The average person isn’t walking around thinking about their blood sugar, but did you know it’s one of the most important markers of health even if you’re not diabetic? In a well-orchestrated body, if you consume carbohydrates or sugar, your pancreas will release a hormone called insulin that takes sugar out of the blood stream and stores it in your tissues to use later when you need energy to burn. Your body preferably stores excess glucose in your muscles and liver, but with a surplus, it will store it in fat tissue. Insulin resistance occurs when the muscles, fat, and liver stop responding to insulin. Insulin may be knocking at the door, looking to drop off a glucose package, but there’s no one answering the door, and no vacant place for the package.
How does this translate to fertility?
In a nutshell, it confuses your ovaries. Ovaries can get insulin and another hormone called Luteinizing hormone (LH) mixed up. You eat excess glucose (carbohydrates or sugar) → your pancreas releases a lot of insulin → your ovaries mistake it for a lot of LH (even though it isn’t) → your ovaries decide to stop making their own LH. UH
-OH. You need LH to grow, mature, and release eggs from the ovaries.
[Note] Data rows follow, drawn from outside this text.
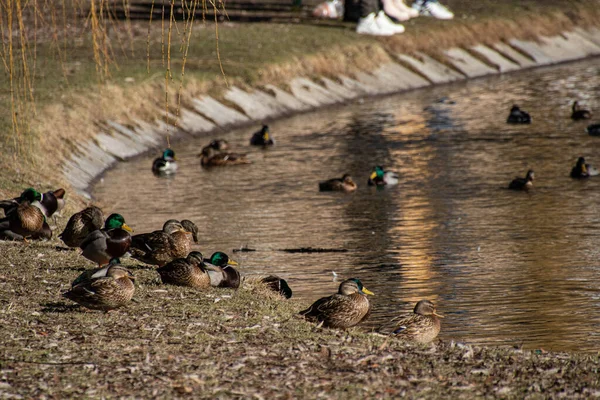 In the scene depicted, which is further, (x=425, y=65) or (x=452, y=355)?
(x=425, y=65)

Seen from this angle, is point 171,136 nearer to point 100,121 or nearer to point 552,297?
point 100,121

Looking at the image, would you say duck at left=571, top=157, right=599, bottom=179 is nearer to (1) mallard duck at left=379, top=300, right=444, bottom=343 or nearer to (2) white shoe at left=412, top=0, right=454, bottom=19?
(1) mallard duck at left=379, top=300, right=444, bottom=343

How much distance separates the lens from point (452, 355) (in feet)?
37.7

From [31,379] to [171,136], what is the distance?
27.2 m

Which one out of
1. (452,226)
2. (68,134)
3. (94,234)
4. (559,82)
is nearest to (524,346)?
(94,234)

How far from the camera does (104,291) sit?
12.5m

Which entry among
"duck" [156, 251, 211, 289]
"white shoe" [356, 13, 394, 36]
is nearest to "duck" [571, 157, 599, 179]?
"duck" [156, 251, 211, 289]

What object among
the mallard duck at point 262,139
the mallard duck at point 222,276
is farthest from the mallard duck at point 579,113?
the mallard duck at point 222,276

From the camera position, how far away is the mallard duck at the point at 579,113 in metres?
38.3

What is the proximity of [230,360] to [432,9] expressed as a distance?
167 feet

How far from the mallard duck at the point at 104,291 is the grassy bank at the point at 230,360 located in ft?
0.55

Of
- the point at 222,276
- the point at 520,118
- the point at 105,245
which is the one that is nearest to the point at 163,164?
the point at 520,118

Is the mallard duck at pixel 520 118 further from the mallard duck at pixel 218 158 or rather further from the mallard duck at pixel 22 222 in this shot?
the mallard duck at pixel 22 222

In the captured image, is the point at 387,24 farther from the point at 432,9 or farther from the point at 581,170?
the point at 581,170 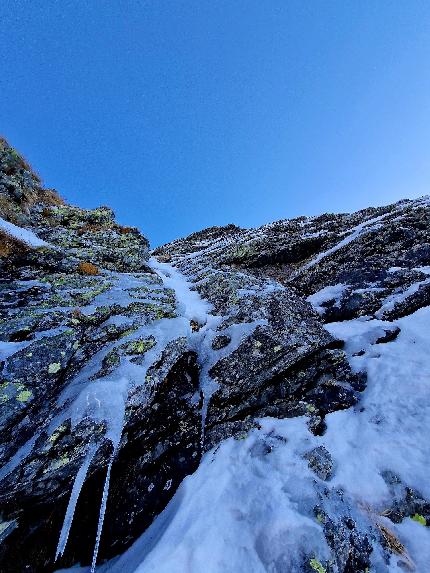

One fertility study in Japan found that high blood sugar levels were tied to lower pregnancy rates (and lower egg quality) in those using IVF. High blood sugar can also damage sperm DNA, lead to high blood pressure, and increase weight gain – all associated with decreased fertility.
One of the top diagnoses affecting fertility in the U.S. is PCOS (polycystic ovarian syndrome) in which the ovaries grow cysts, rather than releasing an egg each month. Without regular ovulation the ovaries can grow large and painful, and a regular menstrual cycle is difficult to achieve. PCOS is largely a metabolic disorder, with roughly 70% of PCOS patients being diagnosed as insulin resistant. Left untreated, PCOS often progresses into Type 2 diabetes, so it’s important to address the root cause of PCOS as early as possible.
What’s the goal?
Ideally, you wouldn’t have super high peaks, or really deep lows when it comes to blood sugar. Both the highs and lows are stressful to your body. Because we also want to avoid low blood sugar, you need to eat! Here are some changes you can make now to keep your blood sugar as stable as possible:
- Eat plenty of protein – 20 grams per meal, 3 meals a day if possible. This is tough, but when you mentally transition over to making this the goal, it really is effective. Look for high quality meats, full fat dairy, and collagen supplements to raise your protein without adding junk.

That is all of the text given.